Kingsville Criminal Defense Lawyer

Ideally, arrests should be made only after probable cause has been proven and a warrant has been issued by a magistrate who impartially considered all the relevant facts. Instead, warrantless arrests are the rule. Many police officers have never even had the experience of asking for a warrant.

Police are not supposed to arrest anyone unless they have a warrant, but there are countless exceptions. The exceptions have all but made getting a warrant obsolete. Generally, police may arrest those who commit a crime in the presence of the officer.

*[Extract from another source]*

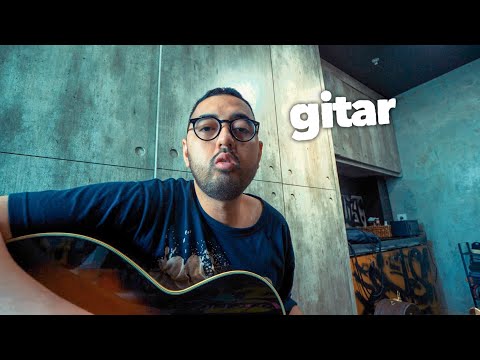 Bongkar Gitar Lama gak Dipakai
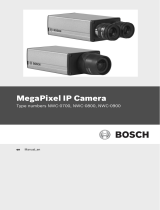Bosch NWC-0800 User manual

Texas Courts have ruled it is legal for police officers to approach any person to simply talk, if the officer has a right to be there. Technically, people are free to ignore the officer and walk away from him. Common sense tells us that almost no one feels free to walk away from such an encounter, but that’s the law. No “seizure” occurs in this scenario.

“Seizure” of a person occurs, however, when the police officer temporarily “detains” someone. Detention is allowed if the officer has “reasonable suspicion” that some unusual activity is happening, that the unusual activity is related to a crime, and that the person detained is somehow connected to the unusual activity. This is called a “temporary detention”, and it may last only as long as the circumstances justify it. In other words, the moment the officer learns that his suspicion is incorrect, detaining the person any longer is illegal.

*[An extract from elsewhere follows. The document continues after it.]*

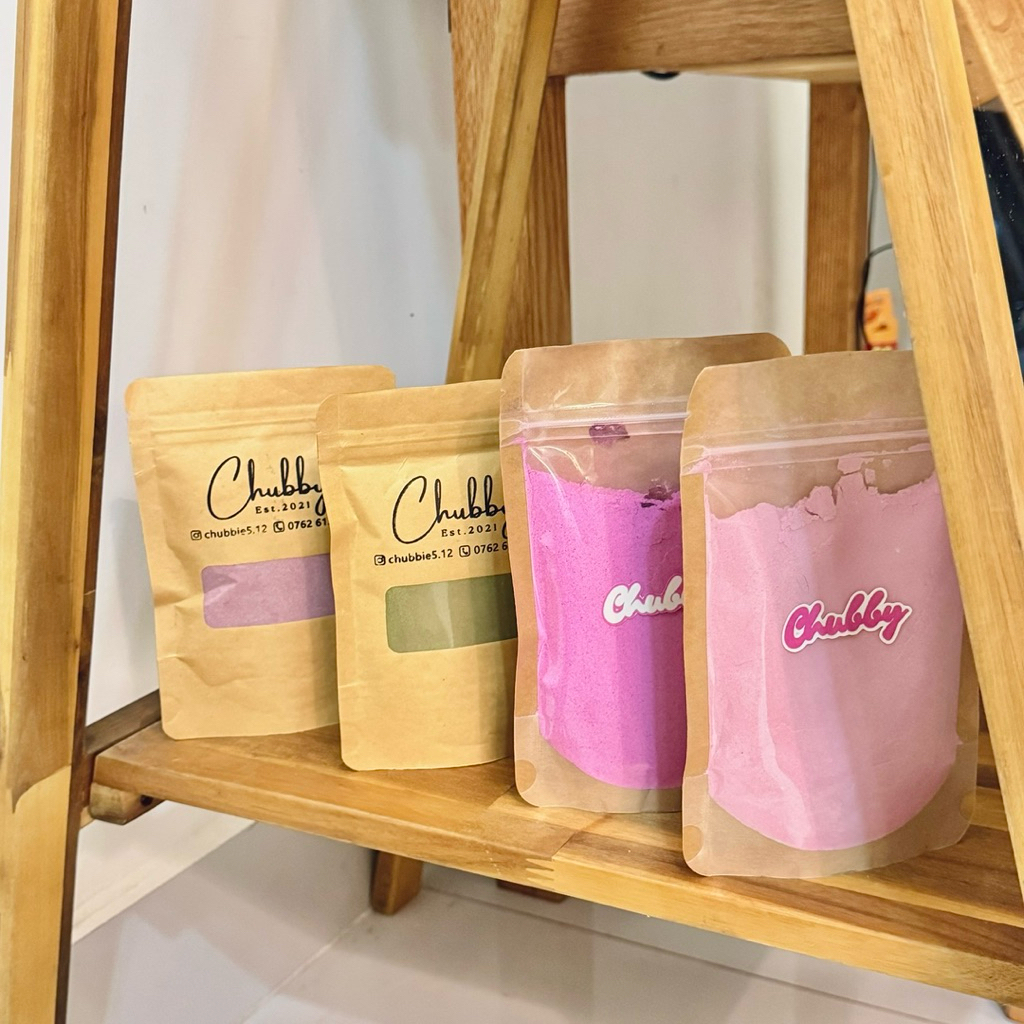 100Gr Bột Thiên Nhiên Chubby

For example, a police officer sees a man with a ski mask in 90-degree weather running from the direction of a bank which has alarms sounding. The officer has reasonable suspicion to temporarily detain the man.

“Probable Cause” is the standard used to determine whether the police officer has sufficient reason to arrest a person. Basically, that means the officer has good reason to arrest when the facts he knows are enough to allow a reasonable man to form a belief that the person detained has actually committed a crime.

*All answers are for people 21 years or older, do not involve enhancements, are not exclusive, and are limited to Texas.